**Your task:**
In the material below, list every line carrying the string "Samsung".

[The data Boundary: Start]

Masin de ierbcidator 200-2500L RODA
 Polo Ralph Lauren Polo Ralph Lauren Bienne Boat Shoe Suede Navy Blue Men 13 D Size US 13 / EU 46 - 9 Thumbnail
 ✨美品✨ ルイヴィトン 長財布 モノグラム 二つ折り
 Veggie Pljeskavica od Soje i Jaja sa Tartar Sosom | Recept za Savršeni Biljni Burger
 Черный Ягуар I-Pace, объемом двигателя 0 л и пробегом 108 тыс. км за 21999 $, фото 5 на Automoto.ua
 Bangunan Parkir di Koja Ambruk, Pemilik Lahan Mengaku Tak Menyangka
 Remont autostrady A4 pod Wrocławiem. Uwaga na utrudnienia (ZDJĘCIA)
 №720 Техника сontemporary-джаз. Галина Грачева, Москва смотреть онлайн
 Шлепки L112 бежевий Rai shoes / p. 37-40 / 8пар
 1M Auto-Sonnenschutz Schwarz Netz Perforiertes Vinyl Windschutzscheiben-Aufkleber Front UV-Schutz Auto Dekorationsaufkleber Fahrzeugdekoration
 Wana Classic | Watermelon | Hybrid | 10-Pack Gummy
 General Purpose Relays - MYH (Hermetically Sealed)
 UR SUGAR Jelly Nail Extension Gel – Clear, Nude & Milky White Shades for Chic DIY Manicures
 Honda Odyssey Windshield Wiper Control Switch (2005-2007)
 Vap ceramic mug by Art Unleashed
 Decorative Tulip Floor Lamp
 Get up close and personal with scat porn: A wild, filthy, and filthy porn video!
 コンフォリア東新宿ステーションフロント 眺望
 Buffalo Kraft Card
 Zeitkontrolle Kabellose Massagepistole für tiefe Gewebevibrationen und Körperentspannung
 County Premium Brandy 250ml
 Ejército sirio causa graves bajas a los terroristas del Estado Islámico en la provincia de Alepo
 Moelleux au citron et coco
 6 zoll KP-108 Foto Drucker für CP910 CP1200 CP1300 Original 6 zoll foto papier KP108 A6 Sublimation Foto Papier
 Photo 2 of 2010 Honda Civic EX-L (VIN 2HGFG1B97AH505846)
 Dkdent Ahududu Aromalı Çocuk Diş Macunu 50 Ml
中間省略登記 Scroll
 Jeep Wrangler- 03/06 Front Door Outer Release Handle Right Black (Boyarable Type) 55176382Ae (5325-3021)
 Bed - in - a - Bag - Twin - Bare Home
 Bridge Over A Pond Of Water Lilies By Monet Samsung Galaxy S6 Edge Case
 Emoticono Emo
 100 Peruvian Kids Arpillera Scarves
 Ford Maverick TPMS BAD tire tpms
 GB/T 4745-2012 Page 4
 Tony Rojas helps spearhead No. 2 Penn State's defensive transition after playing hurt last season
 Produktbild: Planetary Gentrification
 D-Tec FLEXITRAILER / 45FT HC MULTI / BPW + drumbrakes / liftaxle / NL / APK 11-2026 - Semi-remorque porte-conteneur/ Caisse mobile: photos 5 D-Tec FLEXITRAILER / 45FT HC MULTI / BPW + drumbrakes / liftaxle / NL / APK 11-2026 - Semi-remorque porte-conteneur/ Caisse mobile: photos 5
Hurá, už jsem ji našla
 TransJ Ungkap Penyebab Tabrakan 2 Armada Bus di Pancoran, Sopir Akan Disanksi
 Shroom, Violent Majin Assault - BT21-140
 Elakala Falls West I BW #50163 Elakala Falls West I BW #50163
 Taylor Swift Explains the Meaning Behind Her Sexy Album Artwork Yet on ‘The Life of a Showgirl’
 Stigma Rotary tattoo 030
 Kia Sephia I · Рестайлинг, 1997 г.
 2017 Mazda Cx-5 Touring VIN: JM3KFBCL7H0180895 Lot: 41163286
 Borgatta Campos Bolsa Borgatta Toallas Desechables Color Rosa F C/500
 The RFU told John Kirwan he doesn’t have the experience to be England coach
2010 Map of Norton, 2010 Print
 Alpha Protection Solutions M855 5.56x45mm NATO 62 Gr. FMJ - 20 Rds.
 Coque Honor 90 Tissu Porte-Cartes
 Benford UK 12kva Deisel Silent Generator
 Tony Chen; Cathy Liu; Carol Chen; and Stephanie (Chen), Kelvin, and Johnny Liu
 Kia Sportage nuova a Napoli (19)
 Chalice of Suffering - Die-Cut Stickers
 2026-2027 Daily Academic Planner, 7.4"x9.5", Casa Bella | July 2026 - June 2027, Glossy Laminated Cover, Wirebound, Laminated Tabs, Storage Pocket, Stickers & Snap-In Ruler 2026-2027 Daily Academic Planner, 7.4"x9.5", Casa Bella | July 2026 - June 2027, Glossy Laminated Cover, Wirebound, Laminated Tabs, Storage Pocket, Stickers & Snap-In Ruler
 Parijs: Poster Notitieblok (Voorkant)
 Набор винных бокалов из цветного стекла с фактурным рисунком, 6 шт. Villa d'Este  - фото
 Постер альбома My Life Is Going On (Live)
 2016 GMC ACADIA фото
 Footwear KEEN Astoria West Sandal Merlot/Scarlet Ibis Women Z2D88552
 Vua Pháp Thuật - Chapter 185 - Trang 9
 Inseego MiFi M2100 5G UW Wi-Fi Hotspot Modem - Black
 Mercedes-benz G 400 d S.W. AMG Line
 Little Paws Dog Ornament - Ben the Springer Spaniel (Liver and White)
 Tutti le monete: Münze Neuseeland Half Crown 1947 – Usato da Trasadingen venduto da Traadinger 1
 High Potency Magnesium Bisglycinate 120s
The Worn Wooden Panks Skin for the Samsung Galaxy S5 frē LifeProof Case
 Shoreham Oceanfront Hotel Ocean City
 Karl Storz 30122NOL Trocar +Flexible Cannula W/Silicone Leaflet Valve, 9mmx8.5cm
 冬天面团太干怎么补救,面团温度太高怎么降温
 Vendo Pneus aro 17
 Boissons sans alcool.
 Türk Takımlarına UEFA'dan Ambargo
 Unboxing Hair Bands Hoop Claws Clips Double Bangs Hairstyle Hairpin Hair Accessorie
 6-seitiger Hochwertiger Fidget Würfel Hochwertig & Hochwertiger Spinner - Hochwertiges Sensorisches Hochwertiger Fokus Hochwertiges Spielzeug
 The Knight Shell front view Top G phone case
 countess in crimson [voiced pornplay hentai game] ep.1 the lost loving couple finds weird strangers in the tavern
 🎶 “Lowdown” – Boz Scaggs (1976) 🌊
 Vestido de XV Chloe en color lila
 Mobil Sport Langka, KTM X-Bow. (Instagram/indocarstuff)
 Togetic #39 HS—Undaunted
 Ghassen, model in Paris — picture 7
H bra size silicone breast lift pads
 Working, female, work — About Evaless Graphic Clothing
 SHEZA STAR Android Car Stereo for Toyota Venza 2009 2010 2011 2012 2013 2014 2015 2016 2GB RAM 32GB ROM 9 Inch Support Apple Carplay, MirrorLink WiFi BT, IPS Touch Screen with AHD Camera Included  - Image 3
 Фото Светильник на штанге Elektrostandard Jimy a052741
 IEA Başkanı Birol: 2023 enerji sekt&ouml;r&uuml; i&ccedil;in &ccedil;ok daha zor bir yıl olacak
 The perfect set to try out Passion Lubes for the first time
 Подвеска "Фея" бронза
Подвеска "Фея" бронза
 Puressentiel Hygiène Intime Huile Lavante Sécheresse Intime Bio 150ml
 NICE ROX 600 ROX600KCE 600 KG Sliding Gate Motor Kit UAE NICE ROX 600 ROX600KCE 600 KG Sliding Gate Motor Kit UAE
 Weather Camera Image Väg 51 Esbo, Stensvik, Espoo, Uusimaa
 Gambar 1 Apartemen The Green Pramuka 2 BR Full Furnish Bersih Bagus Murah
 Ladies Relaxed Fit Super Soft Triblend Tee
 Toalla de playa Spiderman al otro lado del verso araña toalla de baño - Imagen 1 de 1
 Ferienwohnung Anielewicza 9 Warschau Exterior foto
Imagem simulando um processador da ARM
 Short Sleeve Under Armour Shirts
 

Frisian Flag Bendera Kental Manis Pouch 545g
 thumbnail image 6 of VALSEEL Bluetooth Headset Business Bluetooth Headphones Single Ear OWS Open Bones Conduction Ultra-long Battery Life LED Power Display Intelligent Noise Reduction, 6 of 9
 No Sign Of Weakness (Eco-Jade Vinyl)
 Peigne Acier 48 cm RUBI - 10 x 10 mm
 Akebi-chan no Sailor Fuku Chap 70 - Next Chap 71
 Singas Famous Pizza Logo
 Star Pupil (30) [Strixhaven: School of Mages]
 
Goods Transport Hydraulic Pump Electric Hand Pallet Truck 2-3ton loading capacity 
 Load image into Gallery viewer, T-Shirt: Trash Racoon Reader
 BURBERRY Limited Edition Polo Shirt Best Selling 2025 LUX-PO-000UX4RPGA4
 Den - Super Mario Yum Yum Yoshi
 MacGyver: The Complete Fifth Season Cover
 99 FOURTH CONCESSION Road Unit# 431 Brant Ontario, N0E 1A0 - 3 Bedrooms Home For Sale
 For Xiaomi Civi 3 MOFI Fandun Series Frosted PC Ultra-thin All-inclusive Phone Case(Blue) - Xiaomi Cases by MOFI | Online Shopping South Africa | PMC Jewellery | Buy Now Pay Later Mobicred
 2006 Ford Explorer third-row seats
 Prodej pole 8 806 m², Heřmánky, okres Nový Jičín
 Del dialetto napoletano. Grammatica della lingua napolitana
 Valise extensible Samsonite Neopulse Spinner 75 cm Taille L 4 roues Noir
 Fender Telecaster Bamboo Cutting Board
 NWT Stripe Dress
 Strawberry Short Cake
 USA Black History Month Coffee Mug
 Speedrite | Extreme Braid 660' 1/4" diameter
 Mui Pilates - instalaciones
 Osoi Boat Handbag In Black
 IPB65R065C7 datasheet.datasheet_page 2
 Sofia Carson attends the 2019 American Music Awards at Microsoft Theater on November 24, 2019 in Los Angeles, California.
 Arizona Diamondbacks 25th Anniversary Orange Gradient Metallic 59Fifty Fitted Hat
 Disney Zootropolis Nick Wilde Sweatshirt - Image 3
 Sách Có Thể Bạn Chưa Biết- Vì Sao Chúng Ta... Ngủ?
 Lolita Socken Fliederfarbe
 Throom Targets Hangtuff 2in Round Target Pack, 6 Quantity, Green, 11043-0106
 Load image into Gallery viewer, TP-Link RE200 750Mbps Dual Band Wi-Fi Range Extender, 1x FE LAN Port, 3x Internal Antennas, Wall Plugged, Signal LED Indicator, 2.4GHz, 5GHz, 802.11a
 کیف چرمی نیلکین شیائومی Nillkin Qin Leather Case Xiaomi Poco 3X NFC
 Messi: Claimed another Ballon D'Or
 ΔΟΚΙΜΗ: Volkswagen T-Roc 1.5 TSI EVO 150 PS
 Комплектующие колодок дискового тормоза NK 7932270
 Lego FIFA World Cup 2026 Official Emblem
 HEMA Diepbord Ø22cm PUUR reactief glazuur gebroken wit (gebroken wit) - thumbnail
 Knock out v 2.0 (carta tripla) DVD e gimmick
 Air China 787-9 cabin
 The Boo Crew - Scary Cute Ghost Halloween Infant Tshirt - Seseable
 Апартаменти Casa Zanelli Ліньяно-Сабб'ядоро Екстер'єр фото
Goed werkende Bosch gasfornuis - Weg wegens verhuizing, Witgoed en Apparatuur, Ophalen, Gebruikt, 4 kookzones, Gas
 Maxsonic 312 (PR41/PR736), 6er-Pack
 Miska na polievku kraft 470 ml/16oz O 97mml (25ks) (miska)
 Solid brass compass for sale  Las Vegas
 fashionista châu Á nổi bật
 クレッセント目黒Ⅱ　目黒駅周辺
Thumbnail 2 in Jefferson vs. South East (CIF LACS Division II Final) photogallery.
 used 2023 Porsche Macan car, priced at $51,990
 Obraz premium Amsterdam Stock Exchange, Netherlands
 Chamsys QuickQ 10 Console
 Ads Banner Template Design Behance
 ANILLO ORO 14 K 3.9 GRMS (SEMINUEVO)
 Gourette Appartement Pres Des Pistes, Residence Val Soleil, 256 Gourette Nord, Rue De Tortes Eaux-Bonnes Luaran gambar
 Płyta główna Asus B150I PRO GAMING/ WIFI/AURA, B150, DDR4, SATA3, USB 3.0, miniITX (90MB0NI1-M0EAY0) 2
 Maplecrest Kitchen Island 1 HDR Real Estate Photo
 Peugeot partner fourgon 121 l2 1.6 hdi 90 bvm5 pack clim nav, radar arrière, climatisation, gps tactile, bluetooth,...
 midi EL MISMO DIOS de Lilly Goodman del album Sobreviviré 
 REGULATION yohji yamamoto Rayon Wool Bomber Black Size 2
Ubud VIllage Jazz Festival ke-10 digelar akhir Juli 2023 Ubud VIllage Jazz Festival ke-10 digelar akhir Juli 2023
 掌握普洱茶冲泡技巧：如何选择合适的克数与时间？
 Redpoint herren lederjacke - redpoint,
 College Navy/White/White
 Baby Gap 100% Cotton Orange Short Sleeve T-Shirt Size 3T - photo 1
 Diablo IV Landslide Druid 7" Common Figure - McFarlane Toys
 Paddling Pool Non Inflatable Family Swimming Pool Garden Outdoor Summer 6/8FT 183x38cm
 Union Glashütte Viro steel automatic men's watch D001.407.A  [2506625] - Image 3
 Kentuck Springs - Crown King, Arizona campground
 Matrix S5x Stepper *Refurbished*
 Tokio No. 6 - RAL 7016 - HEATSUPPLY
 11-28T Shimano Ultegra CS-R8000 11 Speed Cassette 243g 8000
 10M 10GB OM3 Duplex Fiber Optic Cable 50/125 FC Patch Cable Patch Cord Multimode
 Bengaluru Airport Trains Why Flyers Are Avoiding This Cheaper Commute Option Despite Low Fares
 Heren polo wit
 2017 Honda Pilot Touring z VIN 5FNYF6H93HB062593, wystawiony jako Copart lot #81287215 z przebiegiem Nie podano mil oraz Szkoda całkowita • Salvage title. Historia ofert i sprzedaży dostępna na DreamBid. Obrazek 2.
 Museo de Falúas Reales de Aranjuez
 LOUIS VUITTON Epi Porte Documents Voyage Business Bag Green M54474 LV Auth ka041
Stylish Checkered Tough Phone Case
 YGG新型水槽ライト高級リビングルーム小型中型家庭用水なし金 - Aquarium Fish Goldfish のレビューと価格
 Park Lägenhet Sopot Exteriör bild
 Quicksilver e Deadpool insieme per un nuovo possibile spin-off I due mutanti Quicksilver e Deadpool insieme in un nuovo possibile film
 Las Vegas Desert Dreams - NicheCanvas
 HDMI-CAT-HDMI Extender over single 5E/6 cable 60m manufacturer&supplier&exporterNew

[The data Boundary: End]

**Result below:**
 Bridge Over A Pond Of Water Lilies By Monet Samsung Galaxy S6 Edge Case
The Worn Wooden Panks Skin for the Samsung Galaxy S5 frē LifeProof Case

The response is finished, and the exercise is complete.